___ The data ___
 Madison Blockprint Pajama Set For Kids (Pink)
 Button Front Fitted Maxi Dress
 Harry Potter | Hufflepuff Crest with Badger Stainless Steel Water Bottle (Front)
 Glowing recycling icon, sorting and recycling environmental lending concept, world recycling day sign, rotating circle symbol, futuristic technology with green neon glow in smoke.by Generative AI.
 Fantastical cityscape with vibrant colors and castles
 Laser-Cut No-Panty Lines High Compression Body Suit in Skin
___
___ The data ___
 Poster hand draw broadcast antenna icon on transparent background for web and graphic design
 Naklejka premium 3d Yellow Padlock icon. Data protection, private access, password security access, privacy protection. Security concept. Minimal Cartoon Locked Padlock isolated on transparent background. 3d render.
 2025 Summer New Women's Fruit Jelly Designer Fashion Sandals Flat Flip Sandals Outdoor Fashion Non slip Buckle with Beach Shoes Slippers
___
Task details: From the entries above, copy each line holding "concept".

Exercise output:
 Glowing recycling icon, sorting and recycling environmental lending concept, world recycling day sign, rotating circle symbol, futuristic technology with green neon glow in smoke.by Generative AI.
 Naklejka premium 3d Yellow Padlock icon. Data protection, private access, password security access, privacy protection. Security concept. Minimal Cartoon Locked Padlock isolated on transparent background. 3d render.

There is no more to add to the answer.